По большому счёту все люди распадаются на три наибольшие социально-психологические группы: люди прошлого, настоящего и будущего. Первые – хранители традиций. Люди настоящего отстаивают свой маленький мирок от больших проблем по принципу «от добра добра не ищут». Они боятся качественных перемен, но приветствуют количественные улучшения – повышение зарплаты, строительство новых дорог… Их приоритет – накопление комфорта и защищённости своего маленького мирка. Эти маленькие мирки складываются в мощный мещанский социально-психологический класс, в который могут входить представители различных социально-экономических слоёв. Это опора политиков «прагматического» склада. Но политик не может ограничиваться маленьким мирком и частными проблемами. Он должен заимствовать идеи у людей прошлого или будущего, адаптируя их стратегии к интересам людей настоящего и блокируясь то с «реакцией», то с «прогрессом».
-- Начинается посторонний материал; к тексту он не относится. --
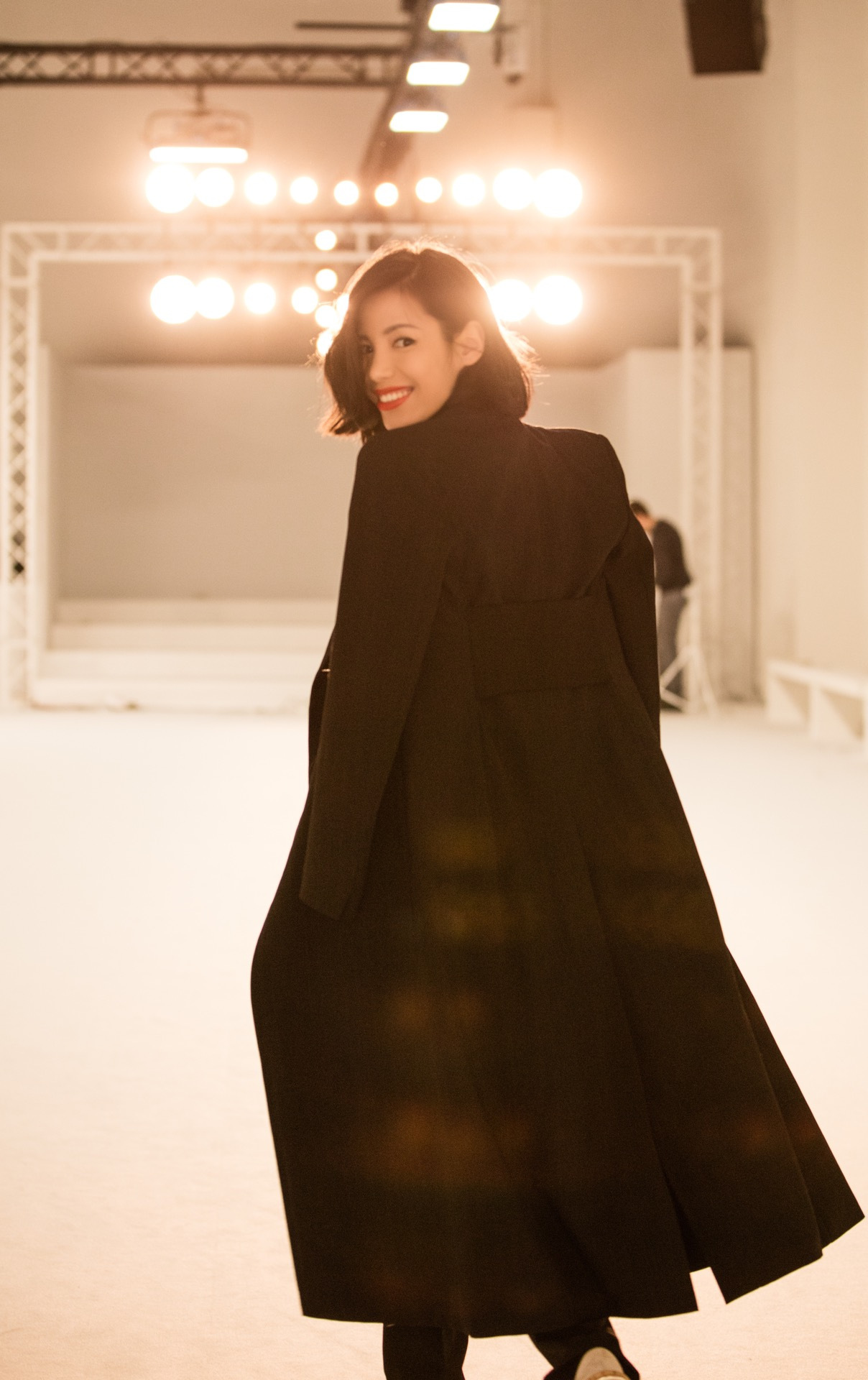 美艳与总攻气质并存!时尚主播linda米兰演绎错落时尚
Люди будущего – ядро того социального явления, которое иногда называют «креативным классом». Социально-психологический креативный класс лишь частично совпадает с профессиональными интеллектуалами, а в период кризисов социального устройства разрастается далеко за пределы профессиональной интеллигенции, вовлекая социальные низы и маргинальные (переходные) слои, стремящиеся к переменам.
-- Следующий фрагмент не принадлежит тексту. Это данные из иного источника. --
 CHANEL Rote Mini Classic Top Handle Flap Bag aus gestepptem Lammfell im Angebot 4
Когда мировой кризис пошатнул привычный образ жизни, в людях проснулась креативность, хотя, как правило, неопытная и неконструктивная. Старая жизнь оказалась злом – значит, будем искать новую, пойдём с вождями, указующими путь в будущее. Вожди не учитывали, что креативность для людей настоящего является средством адаптации. Стоило ситуации стабилизироваться, как от радикализма большинства не осталось и следа. Стремление к будущему прививается постепенно, с творческой культурой, с любовью к творчеству как таковому, в том числе и социальному.
Победа коммунистов большевистского типа в России не привело к возникновению бесклассового общества – коммунизма. Революционная волна изменила мир не так радикально, как хотелось бы людям будущего, но предопределила «пробуждение масс», их интерес к политике и требование перемен, обеспечивающих более равномерное распределение производимых в обществе благ.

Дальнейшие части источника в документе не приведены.